Gandhi is another – maybe even better – example of this point because, despite its many excellent qualities, the film tends to slog along forever. But there’s no way it could lose, in the eyes of the Academy. If a film does a decent enough job of telling the story, its subject matter, combined with the audience’s emotional connection to it, do the rest. This is why films like Driving Miss Daisy, for example, can win and, conversely, why a film like Do the Right Thing won’t win. The latter example, a true achievement, is viewed by many as being too pointed in its sociopolitical perspective. Because of this, its general reception becomes thought of as “too negative” or “not inspiring enough.”
AMPAS is an institution that reflects consensus and has an eye clearly directed toward general public taste and commercialism as much as artistry. For barometers of true quality we must look elsewhere and appreciate that the Academy occasionally does the right thing (no pun intended).
On the money again, Watermelons! In that tradition, may I posit that Mr. Affleck’s best chances of enshrinement as a “best director” lie in whether he can in the future cast the great Kate Winslet (“Holy Smoke!”; “Christmas Carol: The Movie”).
may I posit that Mr. Affleck’s best chances of enshrinement as a “best director” lie in whether he can in the future cast the great Oscar-winning Kate Winslet (“Holy Smoke!”; “Christmas Carol: The Movie”).
I agree that this would be Ben’s best path to Directorial Oscar Gold.
Sorry whoever said Out of Africa is “dull”.
but its one of the best oscar winners of all time.
@Tufas – I agree one thousand times. Is there any film this year near the quality of Out of Africa?

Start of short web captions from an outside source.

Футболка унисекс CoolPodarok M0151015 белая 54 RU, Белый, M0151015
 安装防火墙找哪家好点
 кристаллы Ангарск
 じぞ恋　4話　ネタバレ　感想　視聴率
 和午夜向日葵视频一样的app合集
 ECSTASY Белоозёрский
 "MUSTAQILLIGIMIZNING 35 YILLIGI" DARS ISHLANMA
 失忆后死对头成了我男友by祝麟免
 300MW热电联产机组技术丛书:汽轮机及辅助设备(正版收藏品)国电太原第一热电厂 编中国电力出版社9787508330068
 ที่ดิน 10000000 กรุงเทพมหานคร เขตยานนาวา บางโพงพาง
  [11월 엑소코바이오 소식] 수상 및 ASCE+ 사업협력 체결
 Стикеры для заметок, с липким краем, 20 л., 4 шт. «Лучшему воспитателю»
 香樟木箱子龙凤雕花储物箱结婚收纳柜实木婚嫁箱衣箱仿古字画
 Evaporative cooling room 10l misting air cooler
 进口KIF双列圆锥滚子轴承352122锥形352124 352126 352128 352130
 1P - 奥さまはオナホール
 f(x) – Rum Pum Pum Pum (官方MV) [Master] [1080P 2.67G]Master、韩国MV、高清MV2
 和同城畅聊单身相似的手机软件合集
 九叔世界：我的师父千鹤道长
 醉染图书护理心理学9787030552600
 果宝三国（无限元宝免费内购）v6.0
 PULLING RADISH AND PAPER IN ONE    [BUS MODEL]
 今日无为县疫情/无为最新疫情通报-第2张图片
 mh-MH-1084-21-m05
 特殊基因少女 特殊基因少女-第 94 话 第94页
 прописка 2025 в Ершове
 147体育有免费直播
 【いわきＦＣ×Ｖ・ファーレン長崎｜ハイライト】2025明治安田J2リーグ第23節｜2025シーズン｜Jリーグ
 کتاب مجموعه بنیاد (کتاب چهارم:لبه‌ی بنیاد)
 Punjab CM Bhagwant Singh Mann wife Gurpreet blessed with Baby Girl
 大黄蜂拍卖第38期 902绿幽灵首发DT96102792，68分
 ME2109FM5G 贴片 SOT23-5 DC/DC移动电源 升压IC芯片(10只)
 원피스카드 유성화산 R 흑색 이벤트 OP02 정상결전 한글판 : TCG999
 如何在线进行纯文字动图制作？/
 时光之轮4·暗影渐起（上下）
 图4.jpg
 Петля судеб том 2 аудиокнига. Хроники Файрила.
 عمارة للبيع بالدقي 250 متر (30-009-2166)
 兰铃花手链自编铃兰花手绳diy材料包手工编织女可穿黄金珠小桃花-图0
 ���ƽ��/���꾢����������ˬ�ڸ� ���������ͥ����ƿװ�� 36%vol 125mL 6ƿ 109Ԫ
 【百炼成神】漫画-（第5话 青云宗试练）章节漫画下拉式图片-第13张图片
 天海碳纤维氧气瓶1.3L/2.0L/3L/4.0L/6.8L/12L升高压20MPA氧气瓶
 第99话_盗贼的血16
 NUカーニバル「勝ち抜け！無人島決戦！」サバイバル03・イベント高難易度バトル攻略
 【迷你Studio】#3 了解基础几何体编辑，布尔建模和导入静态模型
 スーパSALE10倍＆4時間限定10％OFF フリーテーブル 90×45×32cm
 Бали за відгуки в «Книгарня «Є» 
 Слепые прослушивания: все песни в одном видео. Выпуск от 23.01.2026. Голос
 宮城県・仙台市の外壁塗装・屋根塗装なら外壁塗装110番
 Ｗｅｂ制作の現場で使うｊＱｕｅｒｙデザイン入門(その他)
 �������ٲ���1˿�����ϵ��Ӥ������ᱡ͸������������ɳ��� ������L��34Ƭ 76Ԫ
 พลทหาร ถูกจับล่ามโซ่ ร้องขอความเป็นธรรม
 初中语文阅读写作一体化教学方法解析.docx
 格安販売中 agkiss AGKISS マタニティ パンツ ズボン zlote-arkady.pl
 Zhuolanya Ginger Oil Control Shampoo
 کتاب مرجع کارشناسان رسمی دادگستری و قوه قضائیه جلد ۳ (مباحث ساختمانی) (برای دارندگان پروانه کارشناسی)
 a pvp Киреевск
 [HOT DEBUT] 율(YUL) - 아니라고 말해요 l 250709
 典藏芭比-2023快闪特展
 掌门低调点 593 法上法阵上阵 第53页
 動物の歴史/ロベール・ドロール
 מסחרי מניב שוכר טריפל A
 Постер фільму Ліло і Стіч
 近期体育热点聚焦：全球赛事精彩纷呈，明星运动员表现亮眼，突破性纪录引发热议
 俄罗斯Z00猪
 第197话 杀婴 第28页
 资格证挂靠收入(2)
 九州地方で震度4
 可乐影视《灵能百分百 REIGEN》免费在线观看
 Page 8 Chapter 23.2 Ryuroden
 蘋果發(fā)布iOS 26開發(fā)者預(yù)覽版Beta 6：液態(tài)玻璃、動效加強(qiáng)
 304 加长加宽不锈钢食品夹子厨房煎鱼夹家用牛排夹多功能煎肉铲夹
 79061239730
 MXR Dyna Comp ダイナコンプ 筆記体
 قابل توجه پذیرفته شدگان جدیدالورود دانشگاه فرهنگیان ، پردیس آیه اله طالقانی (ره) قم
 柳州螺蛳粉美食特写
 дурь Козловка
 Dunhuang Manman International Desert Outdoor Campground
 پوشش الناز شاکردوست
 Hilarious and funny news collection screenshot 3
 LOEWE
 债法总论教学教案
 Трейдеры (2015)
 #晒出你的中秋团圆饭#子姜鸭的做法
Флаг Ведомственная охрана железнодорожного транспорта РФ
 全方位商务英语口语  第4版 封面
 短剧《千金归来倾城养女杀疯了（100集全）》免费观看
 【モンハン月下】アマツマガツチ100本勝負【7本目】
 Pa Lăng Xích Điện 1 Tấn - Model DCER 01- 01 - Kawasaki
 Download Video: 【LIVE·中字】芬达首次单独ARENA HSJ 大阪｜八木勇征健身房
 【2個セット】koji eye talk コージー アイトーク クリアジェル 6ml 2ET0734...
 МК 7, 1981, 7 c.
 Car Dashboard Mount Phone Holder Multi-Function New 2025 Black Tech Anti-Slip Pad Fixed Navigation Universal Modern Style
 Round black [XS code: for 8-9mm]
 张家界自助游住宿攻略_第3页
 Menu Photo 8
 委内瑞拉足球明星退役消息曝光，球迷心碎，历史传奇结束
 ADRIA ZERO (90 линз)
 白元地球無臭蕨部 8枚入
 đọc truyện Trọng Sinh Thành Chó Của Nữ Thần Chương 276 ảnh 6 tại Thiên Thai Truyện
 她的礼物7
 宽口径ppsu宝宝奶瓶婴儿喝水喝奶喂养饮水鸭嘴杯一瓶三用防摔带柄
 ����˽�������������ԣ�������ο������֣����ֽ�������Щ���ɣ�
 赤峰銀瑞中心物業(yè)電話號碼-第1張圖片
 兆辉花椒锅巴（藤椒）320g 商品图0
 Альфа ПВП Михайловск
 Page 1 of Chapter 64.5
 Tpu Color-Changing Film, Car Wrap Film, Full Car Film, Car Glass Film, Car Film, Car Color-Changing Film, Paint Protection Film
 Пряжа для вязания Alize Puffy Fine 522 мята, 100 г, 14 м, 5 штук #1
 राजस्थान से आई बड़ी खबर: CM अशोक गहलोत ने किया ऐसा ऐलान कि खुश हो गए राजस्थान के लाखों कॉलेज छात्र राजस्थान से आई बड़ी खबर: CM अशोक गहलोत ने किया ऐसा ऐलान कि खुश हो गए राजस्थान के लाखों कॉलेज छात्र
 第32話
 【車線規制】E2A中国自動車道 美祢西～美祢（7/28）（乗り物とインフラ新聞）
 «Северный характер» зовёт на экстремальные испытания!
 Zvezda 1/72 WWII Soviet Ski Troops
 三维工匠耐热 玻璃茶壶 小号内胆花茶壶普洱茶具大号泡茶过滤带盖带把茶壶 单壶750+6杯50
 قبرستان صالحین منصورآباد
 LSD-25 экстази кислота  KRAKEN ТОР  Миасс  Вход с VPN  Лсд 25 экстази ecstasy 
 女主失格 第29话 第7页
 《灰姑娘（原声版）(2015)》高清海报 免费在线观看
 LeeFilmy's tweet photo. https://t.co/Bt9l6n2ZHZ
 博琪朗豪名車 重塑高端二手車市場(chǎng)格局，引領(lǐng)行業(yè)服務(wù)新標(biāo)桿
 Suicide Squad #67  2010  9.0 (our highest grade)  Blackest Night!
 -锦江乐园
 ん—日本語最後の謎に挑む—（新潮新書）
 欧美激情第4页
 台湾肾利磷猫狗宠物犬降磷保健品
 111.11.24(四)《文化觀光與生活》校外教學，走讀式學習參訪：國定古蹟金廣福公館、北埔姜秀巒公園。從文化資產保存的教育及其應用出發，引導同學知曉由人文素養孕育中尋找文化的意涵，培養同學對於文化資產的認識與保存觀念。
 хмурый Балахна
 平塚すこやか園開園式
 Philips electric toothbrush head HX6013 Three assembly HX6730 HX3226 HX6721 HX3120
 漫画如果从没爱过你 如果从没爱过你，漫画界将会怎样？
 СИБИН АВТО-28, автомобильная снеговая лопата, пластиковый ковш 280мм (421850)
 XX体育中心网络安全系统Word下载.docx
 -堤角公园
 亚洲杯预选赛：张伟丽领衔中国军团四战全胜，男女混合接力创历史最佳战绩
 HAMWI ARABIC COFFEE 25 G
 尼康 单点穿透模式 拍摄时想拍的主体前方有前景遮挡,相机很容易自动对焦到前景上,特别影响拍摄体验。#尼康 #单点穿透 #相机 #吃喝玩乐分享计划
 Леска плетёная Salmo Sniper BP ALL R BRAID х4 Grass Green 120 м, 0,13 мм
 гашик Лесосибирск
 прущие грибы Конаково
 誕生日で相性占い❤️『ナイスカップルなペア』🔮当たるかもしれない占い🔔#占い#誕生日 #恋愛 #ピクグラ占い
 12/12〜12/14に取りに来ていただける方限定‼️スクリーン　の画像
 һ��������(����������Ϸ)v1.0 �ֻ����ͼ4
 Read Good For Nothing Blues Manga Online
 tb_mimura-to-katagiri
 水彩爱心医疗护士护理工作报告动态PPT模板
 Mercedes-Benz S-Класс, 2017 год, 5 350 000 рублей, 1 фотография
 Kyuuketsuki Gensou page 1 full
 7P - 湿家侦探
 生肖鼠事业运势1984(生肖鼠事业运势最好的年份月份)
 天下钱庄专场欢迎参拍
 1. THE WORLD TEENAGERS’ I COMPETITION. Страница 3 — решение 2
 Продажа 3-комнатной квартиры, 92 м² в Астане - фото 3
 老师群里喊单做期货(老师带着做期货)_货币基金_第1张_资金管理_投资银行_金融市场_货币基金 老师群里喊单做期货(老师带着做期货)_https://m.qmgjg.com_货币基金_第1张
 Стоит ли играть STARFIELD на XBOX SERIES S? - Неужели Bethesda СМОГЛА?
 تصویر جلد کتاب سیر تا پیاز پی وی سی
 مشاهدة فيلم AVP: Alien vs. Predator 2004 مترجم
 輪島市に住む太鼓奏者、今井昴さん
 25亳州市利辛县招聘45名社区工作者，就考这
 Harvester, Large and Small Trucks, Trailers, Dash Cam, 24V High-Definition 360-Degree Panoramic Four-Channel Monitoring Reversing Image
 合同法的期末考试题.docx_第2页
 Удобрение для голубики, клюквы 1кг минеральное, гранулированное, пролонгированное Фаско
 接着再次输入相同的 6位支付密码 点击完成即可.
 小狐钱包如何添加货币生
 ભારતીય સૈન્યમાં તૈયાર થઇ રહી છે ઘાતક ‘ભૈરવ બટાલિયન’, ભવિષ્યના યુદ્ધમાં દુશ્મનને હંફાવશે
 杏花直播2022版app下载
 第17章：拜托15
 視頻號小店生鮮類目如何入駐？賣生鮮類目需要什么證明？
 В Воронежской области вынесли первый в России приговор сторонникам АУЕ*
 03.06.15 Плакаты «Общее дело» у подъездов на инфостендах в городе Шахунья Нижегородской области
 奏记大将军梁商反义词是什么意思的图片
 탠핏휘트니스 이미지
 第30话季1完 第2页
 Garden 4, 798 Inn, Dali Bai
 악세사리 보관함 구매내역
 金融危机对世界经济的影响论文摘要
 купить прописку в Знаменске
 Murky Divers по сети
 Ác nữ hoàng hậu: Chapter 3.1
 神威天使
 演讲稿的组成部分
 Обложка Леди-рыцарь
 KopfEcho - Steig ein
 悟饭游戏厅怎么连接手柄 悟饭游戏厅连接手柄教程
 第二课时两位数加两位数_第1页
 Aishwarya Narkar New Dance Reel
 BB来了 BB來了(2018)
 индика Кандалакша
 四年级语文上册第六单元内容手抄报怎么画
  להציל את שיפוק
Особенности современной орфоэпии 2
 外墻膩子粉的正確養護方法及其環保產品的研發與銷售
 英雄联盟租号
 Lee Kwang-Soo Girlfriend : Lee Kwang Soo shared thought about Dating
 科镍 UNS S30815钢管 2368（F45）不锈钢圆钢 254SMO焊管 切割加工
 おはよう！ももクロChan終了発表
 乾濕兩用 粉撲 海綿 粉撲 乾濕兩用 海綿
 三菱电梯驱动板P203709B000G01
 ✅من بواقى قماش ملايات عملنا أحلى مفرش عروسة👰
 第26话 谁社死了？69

I had dinner with Allison Anders back in the mid-90’s, and after I expressed my admiration for Empire of the Sun, she told me a date took her to see Schindler’s List, and that she “watched the entire film with a sneer on my face”. She said she thought he made the film simply to win an Oscar. The snubs for Jaws, The Color Purple and Empire of the Sun are, in my opinion, born of this toxic jealousy of Spielberg’s talent, and his success. It’s human nature, I know. It’s still ugly and sad.